Start with the first line of the records below. Output each line exactly, ending with the one that contains "How to Order".

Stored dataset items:
Content starts

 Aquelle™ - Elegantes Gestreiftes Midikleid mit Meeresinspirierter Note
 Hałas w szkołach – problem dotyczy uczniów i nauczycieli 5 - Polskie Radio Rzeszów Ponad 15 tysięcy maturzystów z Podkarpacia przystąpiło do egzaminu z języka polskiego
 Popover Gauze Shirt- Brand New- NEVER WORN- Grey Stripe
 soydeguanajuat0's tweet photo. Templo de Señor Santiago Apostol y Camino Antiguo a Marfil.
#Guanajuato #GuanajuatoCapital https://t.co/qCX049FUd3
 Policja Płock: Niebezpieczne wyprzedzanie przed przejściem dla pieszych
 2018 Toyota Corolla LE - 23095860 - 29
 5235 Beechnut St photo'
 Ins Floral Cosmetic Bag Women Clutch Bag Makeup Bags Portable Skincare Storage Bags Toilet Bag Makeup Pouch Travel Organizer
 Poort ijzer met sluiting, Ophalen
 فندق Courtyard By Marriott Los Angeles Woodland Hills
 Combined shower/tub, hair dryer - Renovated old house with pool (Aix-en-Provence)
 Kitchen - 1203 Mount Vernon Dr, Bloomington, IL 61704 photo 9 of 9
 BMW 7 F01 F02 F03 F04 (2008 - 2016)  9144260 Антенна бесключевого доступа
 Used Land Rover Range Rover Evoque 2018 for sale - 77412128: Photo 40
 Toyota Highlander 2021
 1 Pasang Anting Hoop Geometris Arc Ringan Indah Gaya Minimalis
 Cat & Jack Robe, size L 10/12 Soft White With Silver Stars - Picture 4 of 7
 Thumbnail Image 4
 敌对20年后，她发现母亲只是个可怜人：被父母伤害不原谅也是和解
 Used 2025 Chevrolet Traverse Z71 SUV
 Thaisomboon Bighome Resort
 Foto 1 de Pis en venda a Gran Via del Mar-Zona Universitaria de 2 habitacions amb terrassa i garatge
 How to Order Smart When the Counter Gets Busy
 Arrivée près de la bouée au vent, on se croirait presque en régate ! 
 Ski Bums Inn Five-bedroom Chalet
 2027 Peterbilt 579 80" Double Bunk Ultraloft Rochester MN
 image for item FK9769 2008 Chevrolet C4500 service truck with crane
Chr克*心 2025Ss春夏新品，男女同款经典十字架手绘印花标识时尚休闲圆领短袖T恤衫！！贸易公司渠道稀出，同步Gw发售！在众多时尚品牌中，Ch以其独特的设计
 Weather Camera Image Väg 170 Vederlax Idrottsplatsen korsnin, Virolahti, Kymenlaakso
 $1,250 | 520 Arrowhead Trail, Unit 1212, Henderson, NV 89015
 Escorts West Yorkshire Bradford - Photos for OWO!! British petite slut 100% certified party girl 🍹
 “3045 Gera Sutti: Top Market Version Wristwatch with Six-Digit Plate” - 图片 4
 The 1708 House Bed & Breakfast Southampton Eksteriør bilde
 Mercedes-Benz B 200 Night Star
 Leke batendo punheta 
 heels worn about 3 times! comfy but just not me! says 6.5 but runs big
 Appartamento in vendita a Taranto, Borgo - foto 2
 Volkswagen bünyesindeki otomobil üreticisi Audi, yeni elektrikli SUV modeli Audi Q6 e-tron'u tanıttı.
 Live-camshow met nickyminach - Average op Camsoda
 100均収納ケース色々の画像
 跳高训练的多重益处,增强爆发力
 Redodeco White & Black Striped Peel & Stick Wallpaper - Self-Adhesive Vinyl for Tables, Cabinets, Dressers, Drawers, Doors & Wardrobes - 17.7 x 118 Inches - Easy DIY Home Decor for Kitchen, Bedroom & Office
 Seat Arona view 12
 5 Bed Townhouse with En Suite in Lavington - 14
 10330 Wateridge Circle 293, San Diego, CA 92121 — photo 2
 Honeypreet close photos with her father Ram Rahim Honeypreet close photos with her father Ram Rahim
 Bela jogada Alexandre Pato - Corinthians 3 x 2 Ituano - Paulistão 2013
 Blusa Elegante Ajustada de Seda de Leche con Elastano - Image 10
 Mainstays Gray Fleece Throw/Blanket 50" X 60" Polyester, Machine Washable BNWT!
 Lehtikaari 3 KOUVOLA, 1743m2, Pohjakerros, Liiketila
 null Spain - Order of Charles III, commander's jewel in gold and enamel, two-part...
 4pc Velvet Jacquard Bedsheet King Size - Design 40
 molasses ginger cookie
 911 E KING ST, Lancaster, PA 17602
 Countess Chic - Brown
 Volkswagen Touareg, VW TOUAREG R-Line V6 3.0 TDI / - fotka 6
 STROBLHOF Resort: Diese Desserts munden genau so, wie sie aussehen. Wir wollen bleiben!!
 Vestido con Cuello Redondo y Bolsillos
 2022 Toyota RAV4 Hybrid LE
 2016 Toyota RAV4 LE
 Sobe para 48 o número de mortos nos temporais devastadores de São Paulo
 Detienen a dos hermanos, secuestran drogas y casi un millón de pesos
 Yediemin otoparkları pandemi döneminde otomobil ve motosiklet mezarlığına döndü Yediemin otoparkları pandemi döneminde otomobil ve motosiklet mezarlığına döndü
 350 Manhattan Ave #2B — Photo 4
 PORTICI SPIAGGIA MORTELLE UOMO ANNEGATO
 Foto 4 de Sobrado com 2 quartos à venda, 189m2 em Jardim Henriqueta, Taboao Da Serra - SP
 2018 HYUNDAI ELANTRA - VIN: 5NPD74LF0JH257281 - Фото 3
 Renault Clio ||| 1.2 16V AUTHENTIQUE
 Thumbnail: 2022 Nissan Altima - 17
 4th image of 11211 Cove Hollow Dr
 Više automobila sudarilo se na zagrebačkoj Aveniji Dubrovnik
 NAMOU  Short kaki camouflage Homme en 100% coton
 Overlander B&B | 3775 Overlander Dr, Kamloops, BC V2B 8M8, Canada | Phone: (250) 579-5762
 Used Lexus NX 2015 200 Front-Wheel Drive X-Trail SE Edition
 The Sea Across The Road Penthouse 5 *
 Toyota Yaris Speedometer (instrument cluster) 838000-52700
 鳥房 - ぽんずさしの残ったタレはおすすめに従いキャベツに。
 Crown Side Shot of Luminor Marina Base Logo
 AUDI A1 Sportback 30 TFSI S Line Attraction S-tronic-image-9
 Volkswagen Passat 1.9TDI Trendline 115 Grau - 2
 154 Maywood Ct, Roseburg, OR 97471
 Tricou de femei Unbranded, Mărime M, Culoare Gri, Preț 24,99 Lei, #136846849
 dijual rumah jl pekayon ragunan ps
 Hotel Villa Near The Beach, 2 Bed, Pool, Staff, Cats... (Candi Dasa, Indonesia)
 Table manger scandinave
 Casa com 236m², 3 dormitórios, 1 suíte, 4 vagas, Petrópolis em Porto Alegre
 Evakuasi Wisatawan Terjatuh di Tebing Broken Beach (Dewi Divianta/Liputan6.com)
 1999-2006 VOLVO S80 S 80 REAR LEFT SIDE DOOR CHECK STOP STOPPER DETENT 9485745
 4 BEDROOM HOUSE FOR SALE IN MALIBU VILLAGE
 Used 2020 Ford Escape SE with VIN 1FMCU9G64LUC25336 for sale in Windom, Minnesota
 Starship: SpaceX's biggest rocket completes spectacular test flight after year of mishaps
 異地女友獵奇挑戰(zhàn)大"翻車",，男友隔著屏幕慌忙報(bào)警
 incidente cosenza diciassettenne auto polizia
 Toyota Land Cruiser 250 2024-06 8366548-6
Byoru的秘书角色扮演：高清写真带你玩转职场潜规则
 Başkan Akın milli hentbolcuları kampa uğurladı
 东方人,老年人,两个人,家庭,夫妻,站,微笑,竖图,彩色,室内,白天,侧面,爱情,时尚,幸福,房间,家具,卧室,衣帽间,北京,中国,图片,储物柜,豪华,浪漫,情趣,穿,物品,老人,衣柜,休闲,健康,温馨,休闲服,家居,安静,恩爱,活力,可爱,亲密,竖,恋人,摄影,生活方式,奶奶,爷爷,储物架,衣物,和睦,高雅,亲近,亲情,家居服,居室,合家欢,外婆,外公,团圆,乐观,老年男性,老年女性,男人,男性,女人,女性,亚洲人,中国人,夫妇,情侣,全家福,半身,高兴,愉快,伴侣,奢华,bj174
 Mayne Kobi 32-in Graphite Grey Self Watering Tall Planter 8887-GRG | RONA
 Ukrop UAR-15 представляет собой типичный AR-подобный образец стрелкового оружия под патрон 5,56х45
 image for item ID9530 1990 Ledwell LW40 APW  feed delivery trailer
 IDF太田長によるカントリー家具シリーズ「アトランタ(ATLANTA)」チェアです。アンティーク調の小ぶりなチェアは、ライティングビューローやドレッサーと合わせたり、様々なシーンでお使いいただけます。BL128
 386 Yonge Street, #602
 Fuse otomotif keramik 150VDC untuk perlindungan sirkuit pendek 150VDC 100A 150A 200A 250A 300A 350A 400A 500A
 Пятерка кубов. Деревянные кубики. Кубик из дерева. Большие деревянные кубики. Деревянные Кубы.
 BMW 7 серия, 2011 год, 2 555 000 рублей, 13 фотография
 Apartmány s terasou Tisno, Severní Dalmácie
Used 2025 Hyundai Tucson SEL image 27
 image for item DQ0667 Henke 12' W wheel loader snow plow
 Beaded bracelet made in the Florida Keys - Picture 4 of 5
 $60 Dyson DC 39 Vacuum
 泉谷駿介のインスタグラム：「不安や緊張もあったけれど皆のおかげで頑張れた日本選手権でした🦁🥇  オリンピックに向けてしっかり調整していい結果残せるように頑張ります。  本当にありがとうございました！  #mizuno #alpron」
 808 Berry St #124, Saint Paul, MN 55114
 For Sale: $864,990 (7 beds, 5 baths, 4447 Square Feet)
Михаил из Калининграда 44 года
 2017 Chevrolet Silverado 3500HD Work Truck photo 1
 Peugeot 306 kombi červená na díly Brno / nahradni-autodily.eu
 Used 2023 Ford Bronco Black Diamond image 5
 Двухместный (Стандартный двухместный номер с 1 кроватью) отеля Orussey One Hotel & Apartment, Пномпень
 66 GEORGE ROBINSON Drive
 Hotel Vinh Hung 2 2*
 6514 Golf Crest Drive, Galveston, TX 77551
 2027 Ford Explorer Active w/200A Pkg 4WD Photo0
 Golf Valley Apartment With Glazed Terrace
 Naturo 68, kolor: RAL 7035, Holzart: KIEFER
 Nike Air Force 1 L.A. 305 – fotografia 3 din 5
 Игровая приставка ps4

Content ends

■ Problem solution:
 Aquelle™ - Elegantes Gestreiftes Midikleid mit Meeresinspirierter Note
 Hałas w szkołach – problem dotyczy uczniów i nauczycieli 5 - Polskie Radio Rzeszów Ponad 15 tysięcy maturzystów z Podkarpacia przystąpiło do egzaminu z języka polskiego
 Popover Gauze Shirt- Brand New- NEVER WORN- Grey Stripe
 soydeguanajuat0's tweet photo. Templo de Señor Santiago Apostol y Camino Antiguo a Marfil.
#Guanajuato #GuanajuatoCapital https://t.co/qCX049FUd3
 Policja Płock: Niebezpieczne wyprzedzanie przed przejściem dla pieszych
 2018 Toyota Corolla LE - 23095860 - 29
 5235 Beechnut St photo'
 Ins Floral Cosmetic Bag Women Clutch Bag Makeup Bags Portable Skincare Storage Bags Toilet Bag Makeup Pouch Travel Organizer
 Poort ijzer met sluiting, Ophalen
 فندق Courtyard By Marriott Los Angeles Woodland Hills
 Combined shower/tub, hair dryer - Renovated old house with pool (Aix-en-Provence)
 Kitchen - 1203 Mount Vernon Dr, Bloomington, IL 61704 photo 9 of 9
 BMW 7 F01 F02 F03 F04 (2008 - 2016)  9144260 Антенна бесключевого доступа
 Used Land Rover Range Rover Evoque 2018 for sale - 77412128: Photo 40
 Toyota Highlander 2021
 1 Pasang Anting Hoop Geometris Arc Ringan Indah Gaya Minimalis
 Cat & Jack Robe, size L 10/12 Soft White With Silver Stars - Picture 4 of 7
 Thumbnail Image 4
 敌对20年后，她发现母亲只是个可怜人：被父母伤害不原谅也是和解
 Used 2025 Chevrolet Traverse Z71 SUV
 Thaisomboon Bighome Resort
 Foto 1 de Pis en venda a Gran Via del Mar-Zona Universitaria de 2 habitacions amb terrassa i garatge
 How to Order Smart When the Counter Gets Busy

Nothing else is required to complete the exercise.